MACON TOWNSHIP

 

 

The prevailing soil of the Township is a black, sandy loam, with some clay.  Crops, in quality and yield, compare favorably with any of the other townships.  The railroad facilities consist of the Adrian and Saline Railroad, now in course of construction the road-bed being graded through the whole Township.  One of the earliest settlers was John Pennington, who moved into what is now Macon with his family, from Raisin, in 1831, and entered the first land.  The town was named in the winter of 1833, after a creek which flows through it from the northwest to the southeast. Israel Pennington and Dr.
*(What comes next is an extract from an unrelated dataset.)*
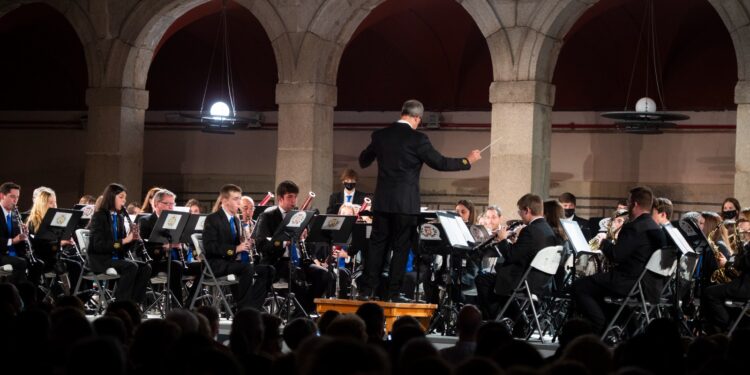 El Patio de Cristales del Museo Arqueológico Regional acogió el XXI Encuentro de Bandas Ciudad de Alcalá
Joseph Howell circulated a petition at that time to have the town set off from Tecumseh, the present towns of Macon, Tecumseh, and Ridgeway then being one.  The first religious services were held by Joseph Bangs, a Methodist minister, in a log house near Pennington’s.  The first frame house was built by Dr. Howell.  Mary White was the first white person to die in the Township, in the spring of 1833.  James and Gabriel Mills were the first to bring a stock of goods into the town to sell.  Israel Pennington was the first postmaster.  Among the earliest settlers not before named were Samuel Niblack, the first justice of the peace, James Collins and his sons, Wm. Hendershott, and Peter Sones.  The last named (“honest old Peter”) broke the first ground in the Township.  When Ira Stewart came in 1833, he had to cut his road for four miles through the woods to reach his place.  Peter Miller, who settled in 1833, caught a deer by the horns while it was asleep, and in trying to hold it was dragged through the woods until his clothes were torn to shreds.  Simeon Davidson, Peter Van Vleet, Daniel Clarkson, Wm. Cadmus, Abram and James Wheeler, Burtis Bird, Asa Russell, and Captain Isaac Miller may be mentioned also as early settlers of Macon.  The valuation of farms, etc., of this Township is $1,066,050, and of its productions, $250,000 annually.  Its school facilities are first class.  There are three churches in the town, viz., Methodist, Baptist, and Reform.  The eastern portion of the town is well watered by artesian or flowing wells, some of which throw their waters twelve or fourteen feet in the air.  A ridge runs through Macon nearly from northeast to southwest, which has indications of having once been the shore of a large inland lake. 

 

Macon Village is a small hamlet in the northeast corner of the Township.  Lake Ridge post-office is located near the center of the town.